Ciò che molti ignorano è che Penman fotografa anche a colori. “Scatto molte più foto a colori di quanto si pensi, solo che le mostro più raramente. Voglio trovare il mio stile con il colore. È una cosa che mi affascina. Ciò nonostante, il bianco e nero rimane la mia scelta prioritaria. È il mio mondo.”
Penman in piena attività
E ultimamente questo suo mondo è in continuo movimento. Phil Penman è un fotografo molto richiesto. Sono in programma mostre e workshop in tutto il mondo. “Quest’anno sarò in viaggio per ben 130 giorni.” Prima però ne approfitta per trascorrere tempo in Svizzera: le prime ore mattutine immerse nella nebbia, in giro alla ricerca di nuove, leggendarie immagini da catturare. “Sono molto fortunato che le persone apprezzino il mio lavoro. Non è poi così scontato. E di questo sono grato ogni giorno.”
Phil Penman è un fotografo di strada di origine britannica che vive a New York.
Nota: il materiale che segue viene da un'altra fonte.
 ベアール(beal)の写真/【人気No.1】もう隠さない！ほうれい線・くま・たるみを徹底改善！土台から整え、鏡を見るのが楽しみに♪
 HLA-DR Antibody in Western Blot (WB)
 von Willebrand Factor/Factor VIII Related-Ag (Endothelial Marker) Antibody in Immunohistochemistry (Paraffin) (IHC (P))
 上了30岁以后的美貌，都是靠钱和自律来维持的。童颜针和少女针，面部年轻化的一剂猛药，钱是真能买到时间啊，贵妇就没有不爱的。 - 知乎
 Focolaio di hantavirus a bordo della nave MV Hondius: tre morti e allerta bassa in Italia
Da oltre vent’anni si occupa di documentare la vita urbana delle grandi metropoli, soprattutto New York, con un focus particolare sulla fotografia in bianco e nero. Le sue opere sono state pubblicate ed esposte in tutto il mondo; i numerosi volumi fotografici lo rendono una voce influente della fotografia di strada contemporanea.